======== Data to use
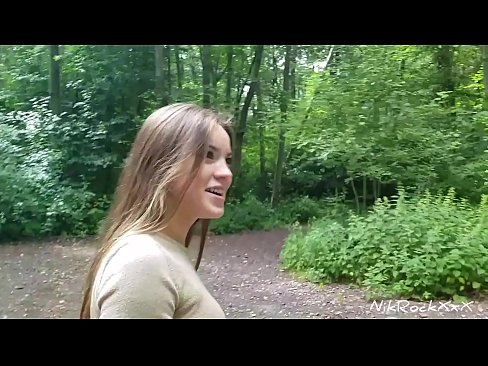 ❤️ Ik stelde voor aan Evelina dat we zouden neuken op een openbare plaats! Ze zei ja. Toen neukte ik haar in haar kont en spoot in haar mond. Toen heeft ze in haar broek gepist. ❌ Porn video at us nl.chancel.top ☑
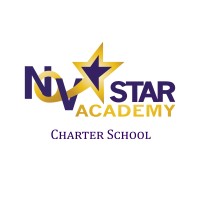 Novastar Academy logo - Similar company to Longhall Consulting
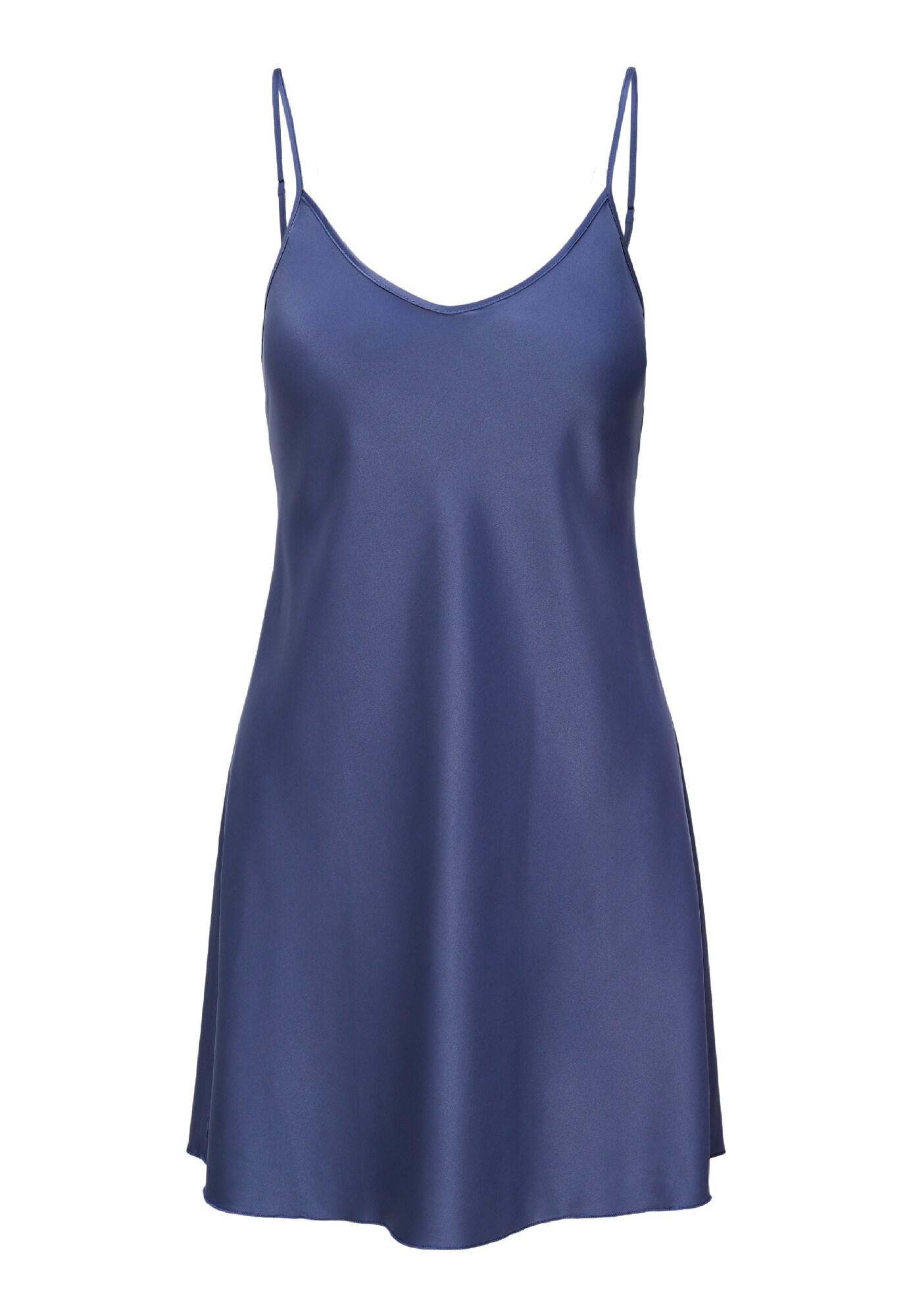 LingaDore Neglige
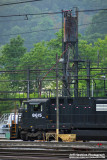 Bluefield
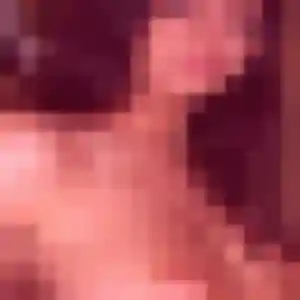 Photo sexy de Deborah, 28 ans à Poses - rencontre coquine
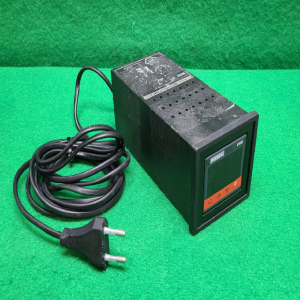 주23231/온도컨트롤러/CSS/KSRDigital/LEISTER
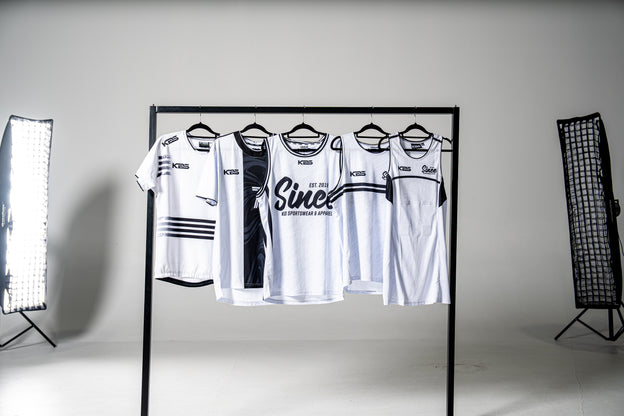 Teamwear image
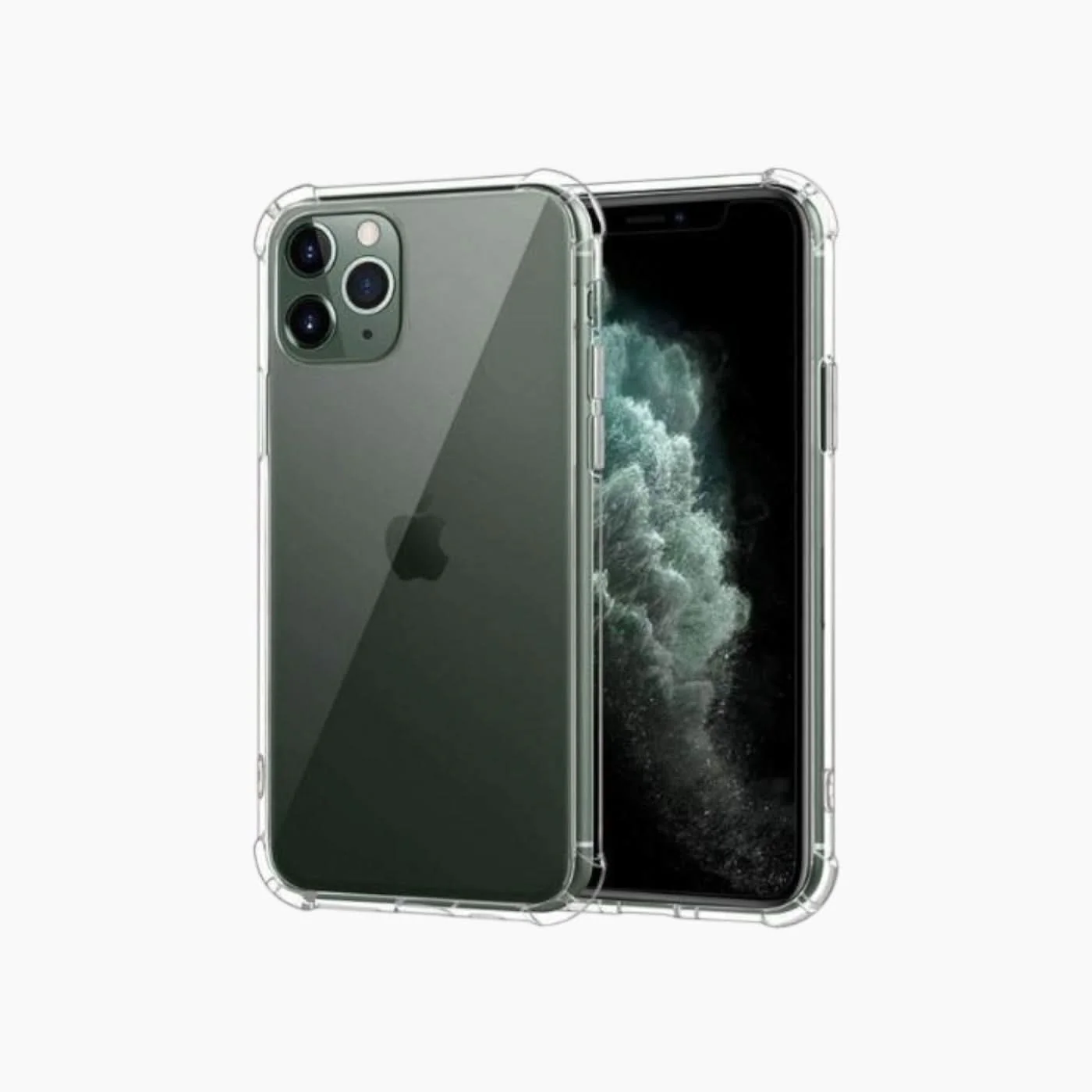 Catchy Jo Gorilla Case iPhone - Image 10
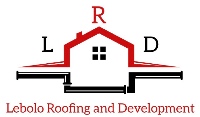 Lebolo Roofing and Development LLC
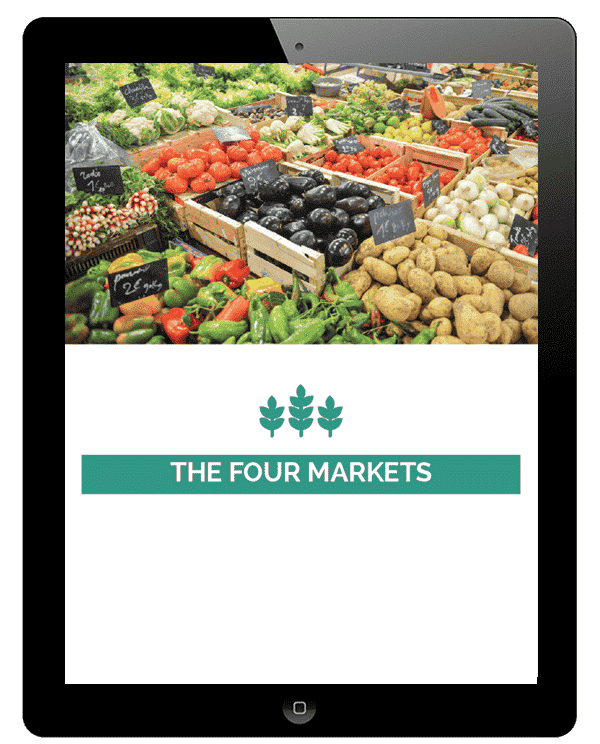 The-4-Markets-2.png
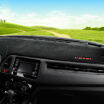 Joy Collection Huashi Honda Binzhi Dark Pad Black Side Center Console Sunshade Insulation Modification Special joy collection kopen in de aanbieding Joy Collection Huashi Honda Binzhi Dark Pad Black Side Center Console Sunshade Insulation Modification Special joy collection kopen in de aanbieding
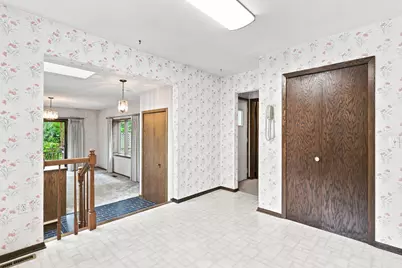 4275 Pilot Knob Road, Eagan, MN 55122 - Photo 16
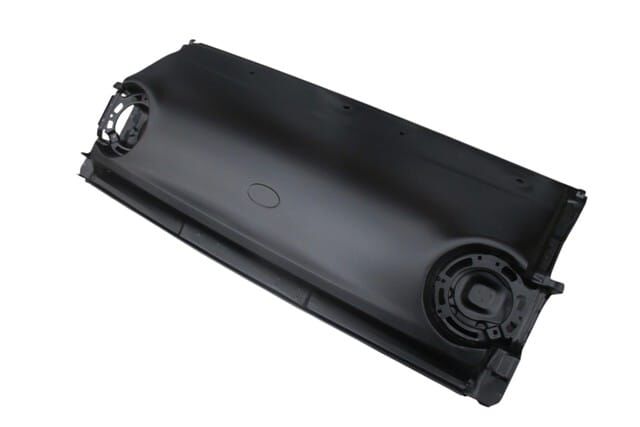 HYUNDAI PORTER KAMYONET- 96/05; ÖN PANEL KOMPLE (EAGLE BODY)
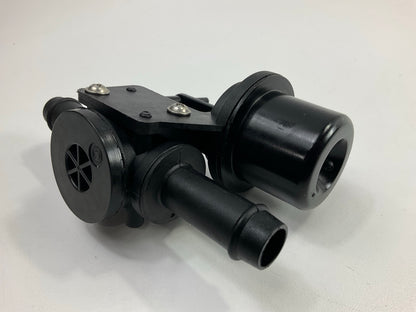 Four Seasons 74859 HVAC Heater Control Valve-Heater Valve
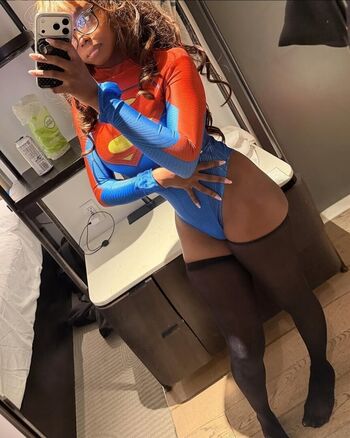 Allielice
================
__What you will do__:
It would help to have the listing above repeated exactly, with all images removed.

__Response to this task__:
 ❤️ Ik stelde voor aan Evelina dat we zouden neuken op een openbare plaats! Ze zei ja. Toen neukte ik haar in haar kont en spoot in haar mond. Toen heeft ze in haar broek gepist. ❌ Porn video at us nl.chancel.top ☑
 Novastar Academy logo - Similar company to Longhall Consulting
 LingaDore Neglige
 Bluefield
 Photo sexy de Deborah, 28 ans à Poses - rencontre coquine
 주23231/온도컨트롤러/CSS/KSRDigital/LEISTER
 Teamwear image
 Catchy Jo Gorilla Case iPhone - Image 10
 Lebolo Roofing and Development LLC
 The-4-Markets-2.png
 Joy Collection Huashi Honda Binzhi Dark Pad Black Side Center Console Sunshade Insulation Modification Special joy collection kopen in de aanbieding Joy Collection Huashi Honda Binzhi Dark Pad Black Side Center Console Sunshade Insulation Modification Special joy collection kopen in de aanbieding
 4275 Pilot Knob Road, Eagan, MN 55122 - Photo 16
 HYUNDAI PORTER KAMYONET- 96/05; ÖN PANEL KOMPLE (EAGLE BODY)
 Four Seasons 74859 HVAC Heater Control Valve-Heater Valve
 Allielice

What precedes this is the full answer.